■ TASK STATEMENT ■
Begin at the line containing "Nexo Knights: Tormenta" in the data below and go on through the line containing "Tubbz Jurassic Park", repeating each line exactly; include both ends and no other line.

■ MATERIAL TO PROCESS ■
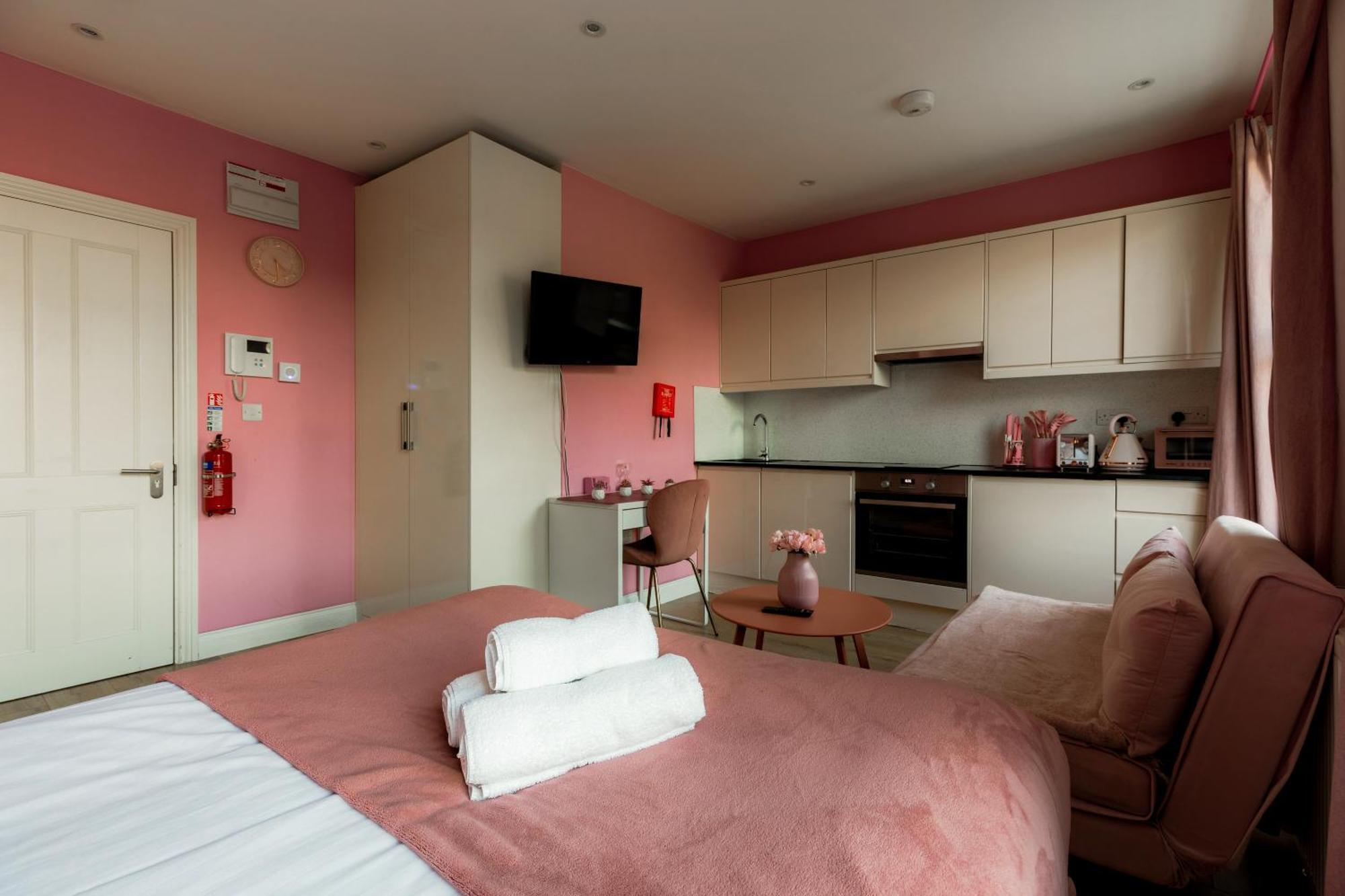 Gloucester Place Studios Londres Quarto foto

==

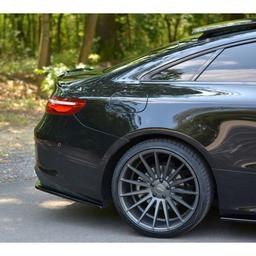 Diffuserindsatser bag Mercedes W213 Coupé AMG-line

--

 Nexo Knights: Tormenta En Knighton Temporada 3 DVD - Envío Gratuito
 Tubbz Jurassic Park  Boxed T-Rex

■ YOUR RESPONSE ■
 Nexo Knights: Tormenta En Knighton Temporada 3 DVD - Envío Gratuito
 Tubbz Jurassic Park  Boxed T-Rex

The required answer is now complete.